• ASSIGNMENT
Each record that follows is to be duplicated exactly, though its pictures are not.

------------------------------------------------------------

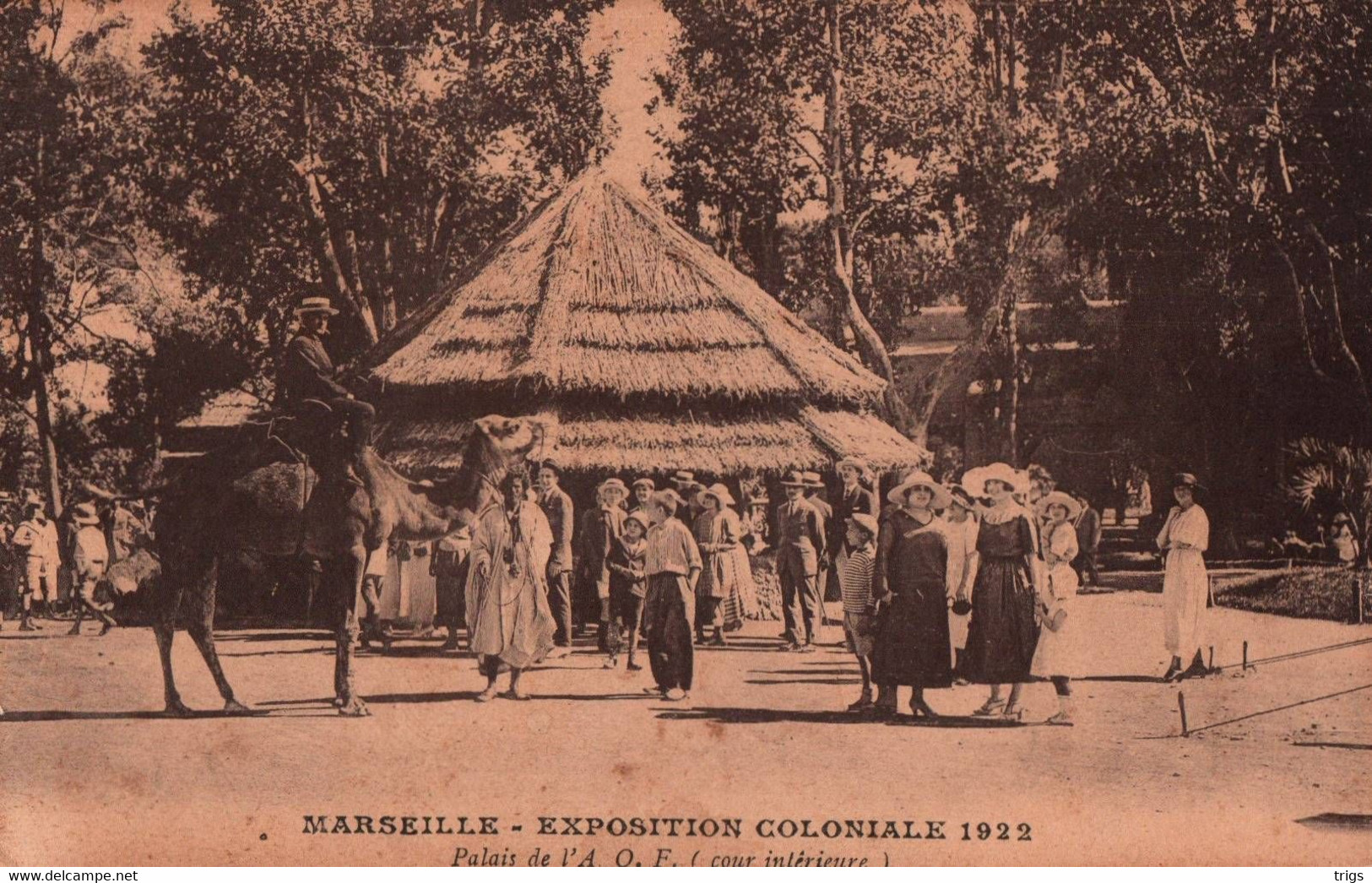 Marseiille (Exposition Coloniale de 1922) - Palais de l'A. O. F. (Cour Intérieure)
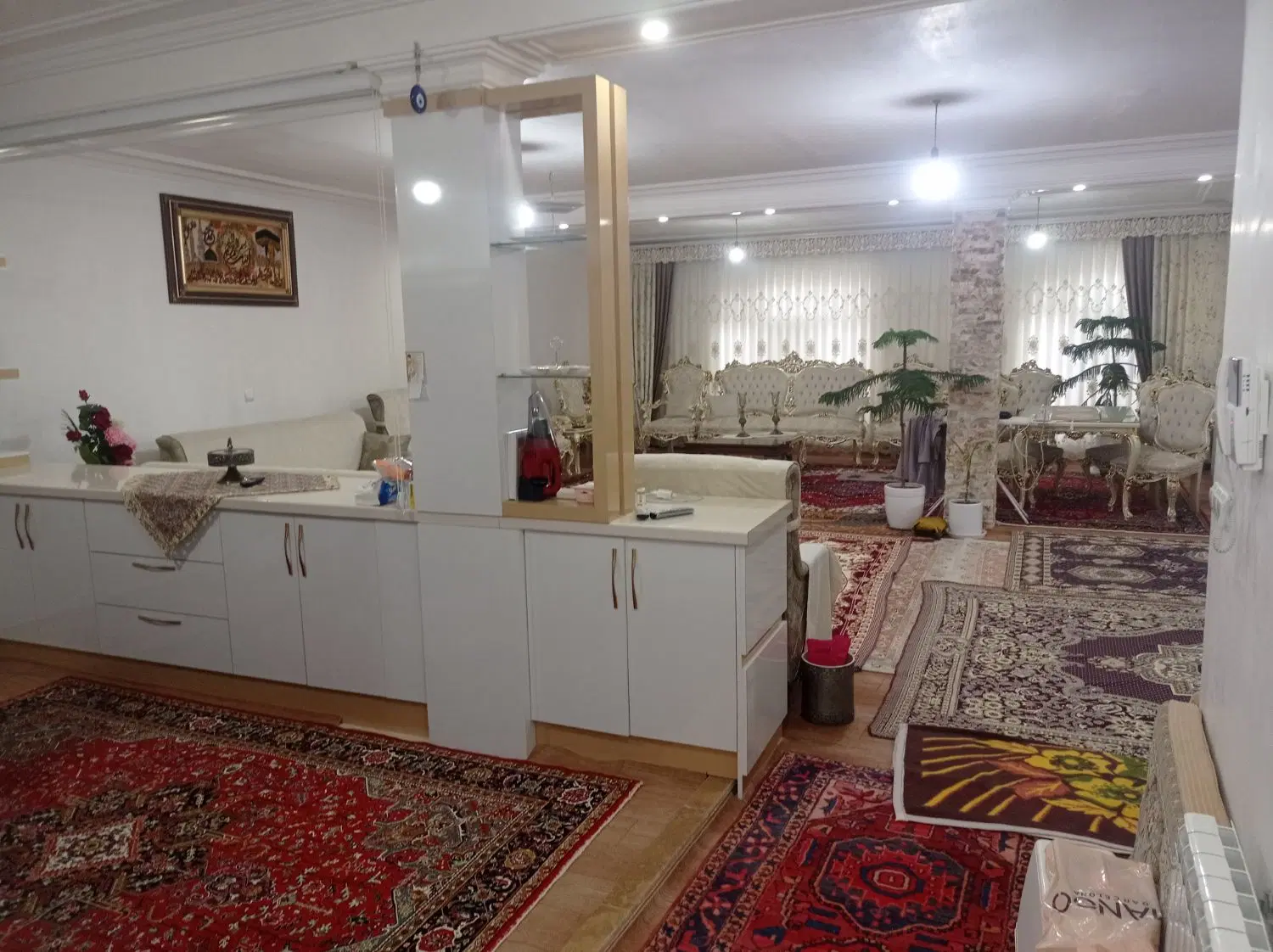 حیاط ویلایی
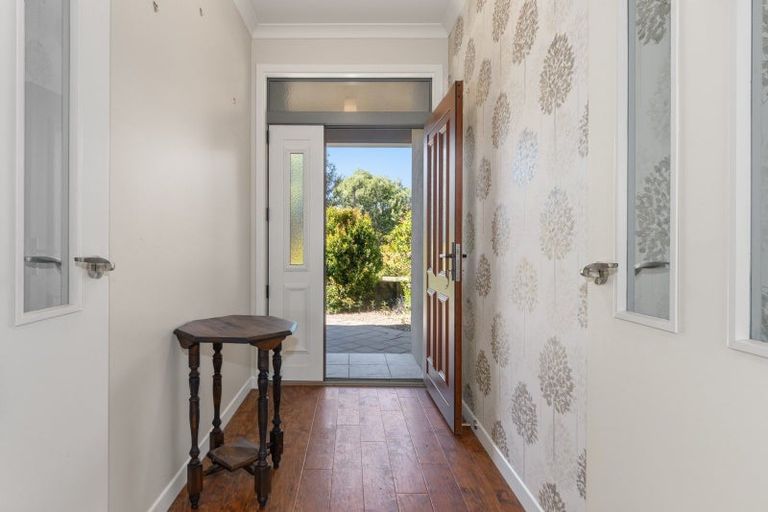 Photo of property in 1 Tarn Close, Pyes Pa, Tauranga, 3112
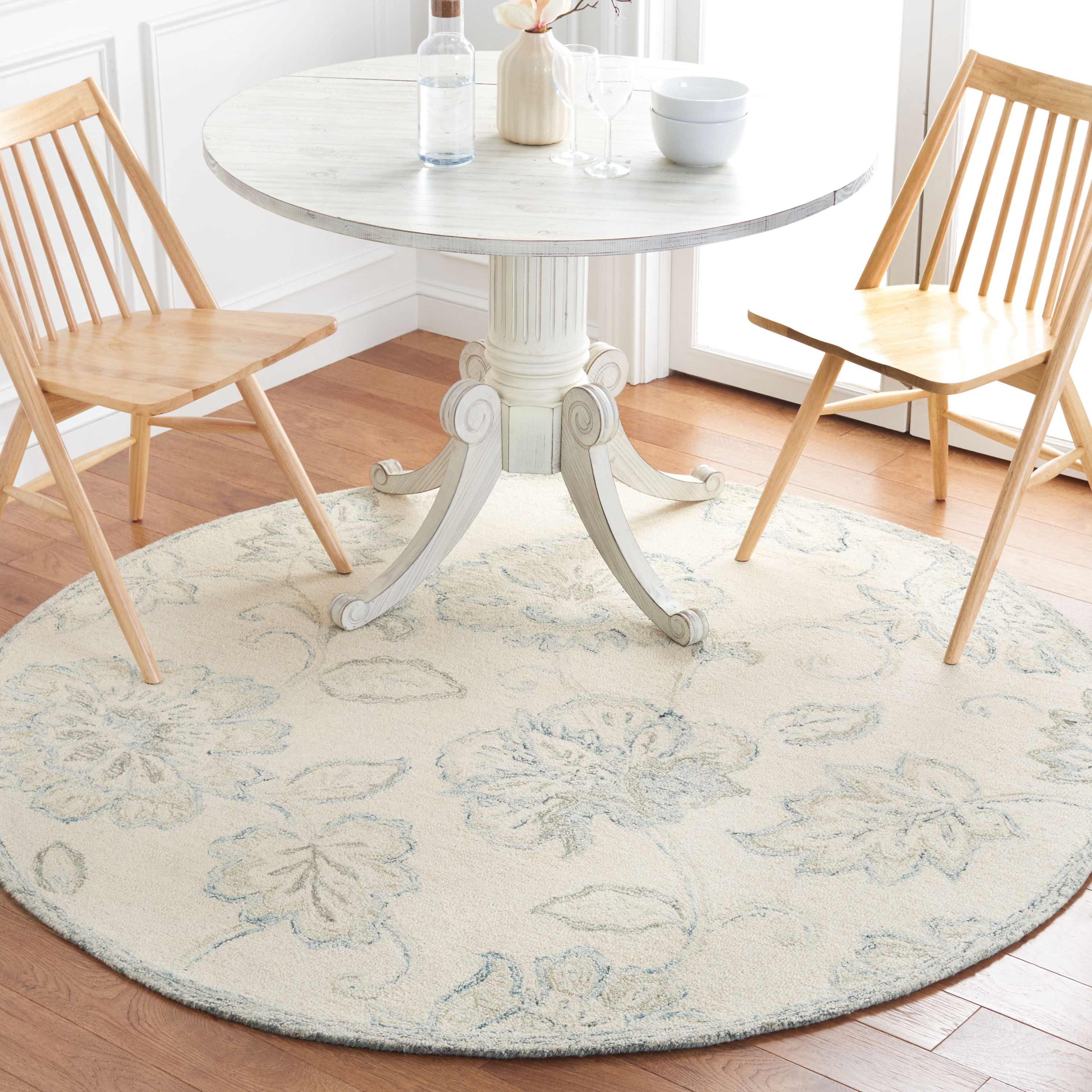 SAFAVIEH Micro-Loop Arda Floral Area Rug, Ivory/Blue, 6' x 6' Round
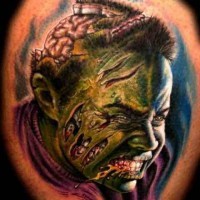 Tatuaje  de hombre zombi con la piel podrida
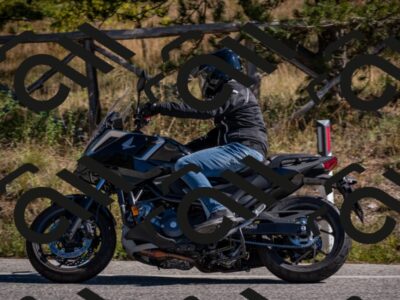 20251011120921-_5006930_am_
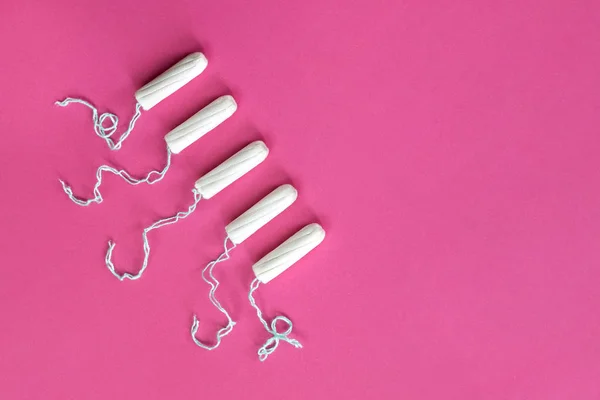 Proteção de higiene da mulher, tampões chalupton no fundo rosa . — Fotografia de Stock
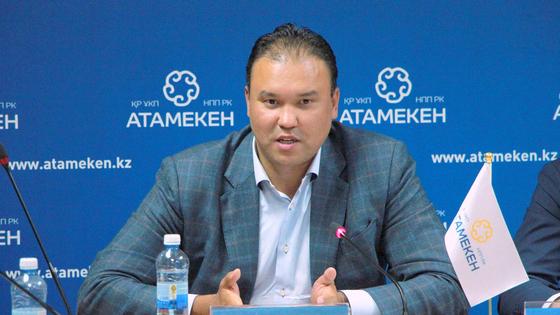 Ерхат Искалиев возглавил "СК-Фармация" Ерхат Искалиев возглавил "СК-Фармация"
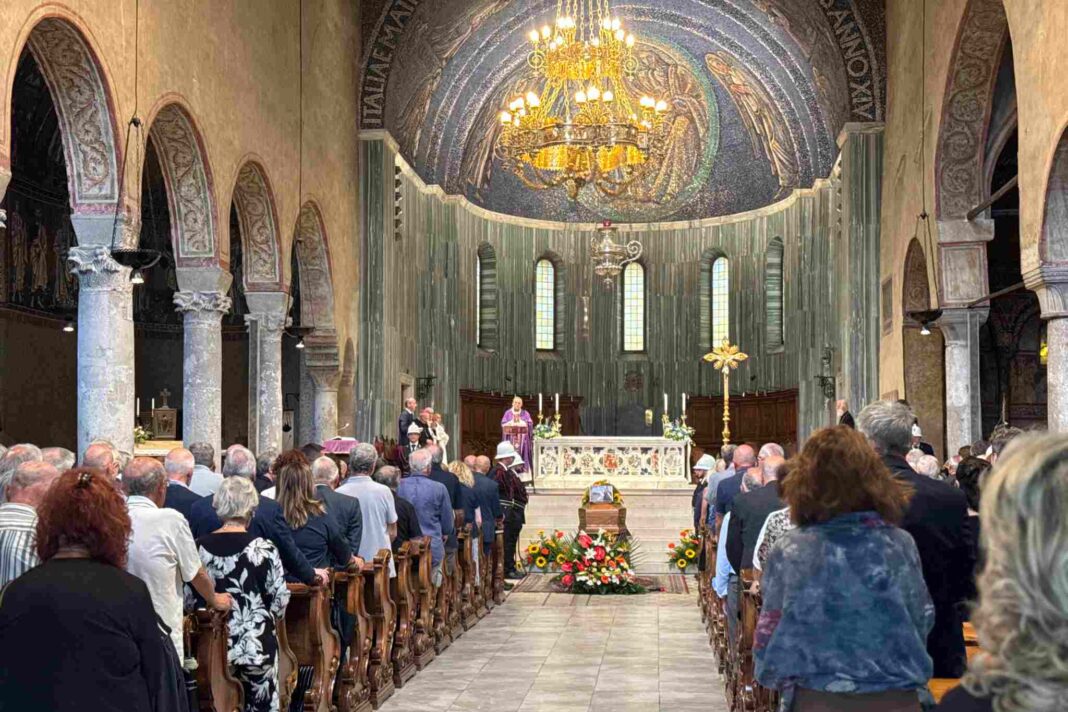 Giorgio Rossi, funerali Giorgio Rossi, don Ettore Malnati, Trieste, Roberto Dipiazza, Cattedrale di San Giusto, Comune di Trieste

------------------------------------------------------------

• REPLY TO THE TASK
 Marseiille (Exposition Coloniale de 1922) - Palais de l'A. O. F. (Cour Intérieure)
 حیاط ویلایی
 Photo of property in 1 Tarn Close, Pyes Pa, Tauranga, 3112
 SAFAVIEH Micro-Loop Arda Floral Area Rug, Ivory/Blue, 6' x 6' Round
 Tatuaje  de hombre zombi con la piel podrida
 20251011120921-_5006930_am_
 Proteção de higiene da mulher, tampões chalupton no fundo rosa . — Fotografia de Stock
 Ерхат Искалиев возглавил "СК-Фармация" Ерхат Искалиев возглавил "СК-Фармация"
 Giorgio Rossi, funerali Giorgio Rossi, don Ettore Malnati, Trieste, Roberto Dipiazza, Cattedrale di San Giusto, Comune di Trieste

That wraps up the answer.